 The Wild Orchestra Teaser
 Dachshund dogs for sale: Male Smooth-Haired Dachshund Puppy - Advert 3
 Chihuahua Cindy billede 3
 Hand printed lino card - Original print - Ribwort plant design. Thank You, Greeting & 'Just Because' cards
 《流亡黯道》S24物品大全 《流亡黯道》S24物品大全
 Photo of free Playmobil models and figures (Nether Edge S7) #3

→ **Task details**
Using the listing above, please repeat every entry exactly.

→ **Answer to the exercise**
 The Wild Orchestra Teaser
 Dachshund dogs for sale: Male Smooth-Haired Dachshund Puppy - Advert 3
 Chihuahua Cindy billede 3
 Hand printed lino card - Original print - Ribwort plant design. Thank You, Greeting & 'Just Because' cards
 《流亡黯道》S24物品大全 《流亡黯道》S24物品大全
 Photo of free Playmobil models and figures (Nether Edge S7) #3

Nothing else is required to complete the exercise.